The World Health Organization warned Friday that a dire lack of new antibiotics was threatening efforts to curb the spread of drug-resistant bacteria, which kill tens of thousands of people each year.
The UN health agency published two new reports revealing that there are few new effective antibiotics in the pipeline, meaning that the world is running out of options for fighting so-called superbugs.
“Never has the threat of antimicrobial resistance been more immediate and the need for solutions more urgent,” WHO chief Tedros Adhanom Ghebreyesus said in a statement.
“Numerous initiatives are underway to reduce resistance, but we also need countries and the pharmaceutical industry to step up and contribute with sustainable funding and innovative new medicines,” he said.
Antibiotic resistance happens when bugs become immune to existing drugs, rendering minor injuries and common infections potentially deadly.
An estimated 33,000 people die in Europe every year from such drug-resistant bacteria, according to EU data, while the US estimates the death toll there is around 35,000.
“We see that this is spreading and we are running actually out of antibiotics that are effective against these resistant bacteria,” Peter Beyer, of WHO’s essential medicines division, told reporters in Geneva.
“This is one of the biggest health threats that we have identified,” he said.
Discovered in the 1920s, antibiotics have saved tens of millions of lives by defeating bacterial diseases such as pneumonia, tuberculosis and meningitis.

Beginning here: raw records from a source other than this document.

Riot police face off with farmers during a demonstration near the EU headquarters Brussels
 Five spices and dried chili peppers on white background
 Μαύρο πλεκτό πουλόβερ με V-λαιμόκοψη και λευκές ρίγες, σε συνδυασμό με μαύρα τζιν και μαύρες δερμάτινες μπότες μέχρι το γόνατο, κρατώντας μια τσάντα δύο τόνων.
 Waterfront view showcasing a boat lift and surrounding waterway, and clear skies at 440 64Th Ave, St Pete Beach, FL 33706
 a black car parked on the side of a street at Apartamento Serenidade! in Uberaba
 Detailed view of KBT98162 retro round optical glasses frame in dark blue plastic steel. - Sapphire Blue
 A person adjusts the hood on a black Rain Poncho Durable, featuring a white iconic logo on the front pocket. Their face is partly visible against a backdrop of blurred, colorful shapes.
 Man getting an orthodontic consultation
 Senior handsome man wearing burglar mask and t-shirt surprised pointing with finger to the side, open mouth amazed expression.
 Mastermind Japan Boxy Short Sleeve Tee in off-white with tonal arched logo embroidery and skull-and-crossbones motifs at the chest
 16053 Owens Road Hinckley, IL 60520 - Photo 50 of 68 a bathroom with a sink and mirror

But over the decades, bacteria have learned to fight back, building resistance to the same drugs that once reliably vanquished them—turning into so-called “superbugs”.
To counter bacteria’s ability to become resistant to known drugs, a steady stream of new antibiotics is needed, but for pharmaceutical companies, developing competitive new products in this field is complicated, costly, and not seen as very profitable.
According to the WHO, the 60 new products currently in development—50 antibiotics and 10 biologics—”bring little benefit over existing treatments and only two target the most critical resistant bacteria”, the so-called Gram-negative bacteria.
A range of other drugs still in pre-clinical testing are more innovative, WHO said, but warned it will take years before they reach the market.
Of the 252 such drugs still in very early-stage testing, the two to five first products could become available in about 10 years, according to an optimistic scenario, WHO said.
“It’s important to focus public and private investment on the development of treatments that are effective against the highly resistant bacteria,” Hanan Balkhy, WHO Assistant Director-General for Antimicrobial Resistance, said in the statement.